Good to know, thanks. Inside the implementation, I tend to use `std::enable_if<>` to avoid instantiating the `enable_if_t` template alias anyway.
- It would be nice if the use of variable templates would be optional(and not used internally), since without inline variables, it can lead to ODR violations and executable bloat.
Without variable templates, we would have to write `type<T>{}`, `int_<1>{}`, etc.. all of the time instead of `type<T>` and `int_<1>`. Sure, that's just two characters, but considering you couldn't even rely on what is `type<T>` (if it were a type, since `decltype(type<T>)` is currently unspecified), we're really not gaining much. In short; no variable templates means a less usable library, without much benefits (see next paragraph).
How is it less usable? It seems like it would be more usable, since the library can now support compilers with no or flaky variable templates.

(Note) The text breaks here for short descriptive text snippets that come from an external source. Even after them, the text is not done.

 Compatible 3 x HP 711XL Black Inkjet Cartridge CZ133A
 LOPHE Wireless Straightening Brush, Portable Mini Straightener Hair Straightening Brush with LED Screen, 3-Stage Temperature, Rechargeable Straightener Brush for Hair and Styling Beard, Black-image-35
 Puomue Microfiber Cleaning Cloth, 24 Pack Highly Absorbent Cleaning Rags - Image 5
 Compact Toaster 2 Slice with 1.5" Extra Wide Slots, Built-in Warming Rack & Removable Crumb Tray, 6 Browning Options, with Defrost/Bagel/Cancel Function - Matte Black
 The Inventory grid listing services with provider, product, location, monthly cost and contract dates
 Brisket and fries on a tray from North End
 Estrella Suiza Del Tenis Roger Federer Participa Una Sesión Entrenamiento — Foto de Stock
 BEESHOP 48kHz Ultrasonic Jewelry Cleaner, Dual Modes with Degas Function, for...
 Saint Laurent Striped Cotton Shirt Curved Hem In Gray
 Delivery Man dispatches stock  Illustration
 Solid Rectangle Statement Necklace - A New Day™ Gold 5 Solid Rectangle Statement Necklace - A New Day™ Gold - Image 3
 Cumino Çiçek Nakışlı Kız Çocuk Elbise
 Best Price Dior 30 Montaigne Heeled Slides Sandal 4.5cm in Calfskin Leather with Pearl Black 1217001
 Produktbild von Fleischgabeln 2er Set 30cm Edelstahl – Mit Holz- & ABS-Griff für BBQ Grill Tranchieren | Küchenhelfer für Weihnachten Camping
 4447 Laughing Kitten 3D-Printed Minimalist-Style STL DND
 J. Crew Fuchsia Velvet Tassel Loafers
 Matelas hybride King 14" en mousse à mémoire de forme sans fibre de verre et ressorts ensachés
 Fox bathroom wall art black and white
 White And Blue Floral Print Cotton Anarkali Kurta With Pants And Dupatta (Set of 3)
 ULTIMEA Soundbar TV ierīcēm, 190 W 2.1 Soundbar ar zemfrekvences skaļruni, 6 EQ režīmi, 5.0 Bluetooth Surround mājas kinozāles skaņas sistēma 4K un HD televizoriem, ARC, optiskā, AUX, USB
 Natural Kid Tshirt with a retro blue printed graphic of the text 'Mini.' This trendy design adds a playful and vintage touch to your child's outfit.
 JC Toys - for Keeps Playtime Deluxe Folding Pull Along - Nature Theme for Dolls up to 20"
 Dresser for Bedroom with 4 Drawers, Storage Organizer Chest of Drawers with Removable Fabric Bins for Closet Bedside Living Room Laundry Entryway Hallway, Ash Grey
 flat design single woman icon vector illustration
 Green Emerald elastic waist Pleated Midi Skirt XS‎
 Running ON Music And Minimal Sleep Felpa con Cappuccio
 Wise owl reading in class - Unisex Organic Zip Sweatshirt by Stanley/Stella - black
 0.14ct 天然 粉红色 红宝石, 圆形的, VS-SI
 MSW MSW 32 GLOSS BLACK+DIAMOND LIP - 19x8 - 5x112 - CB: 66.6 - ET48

I simply mean that `int_<1>{}` is less pretty than `int_<1>`. It is longer by about 28% and most importantly it defeats the philosophy that we're manipulating objects, not types. At any rate, compilers other than Clang and GCC are probably missing far too many features (other than variable templates) for them to compile Hana. I don't think variable templates would change much to that.
Regarding variable templates and ODR, I thought variable templates couldn't lead to ODR violations? I know global function objects (even constexpr) can lead to ODR violations, but I wasn't aware about the problem for variable templates. I would appreciate if you could show me where the problem lies more specifically. Also, for reference, there's a defect report [9] related to global constexpr objects, and an issue tracking this problem here [10].
Finally, regarding executable bloat, we're talking about stateless constexpr objects here. At worst, we're talking 1 byte per object. At best (and most likely), we're talking about 0 bytes because of link time optimizations. Otherwise, I could also give internal linkage to the global objects and they would probably be optimized away by the compiler itself, without even requiring LTO. Am I dreaming?
The size of the symbol table is usually larger than 1 byte for binary formats.
But is it reasonable to think that they'll be optimized away?
Overall, I would like to see Hana compile on more compilers before it gets accepted into boost(currently it doesn't even compile on my macbook).
What compiler did you try to compile it with? Also, an important GCC bug that was preventing Hana from working properly on GCC was fixed a couple of days ago, so I'm going to try to finish the port ASAP and I'm fairly confident that it should work on GCC 5.2.
Using Apple's clang 6, which corresponds to clang 3.5 off of the trunk.
So you're with XCode < 3.6, right? This is not supported, unfortunately. I don't know when Apple branched of clang 3.5, or what they did to it, but it happily explodes on my computer too.
What is the bug preventing compilation on gcc 5.2?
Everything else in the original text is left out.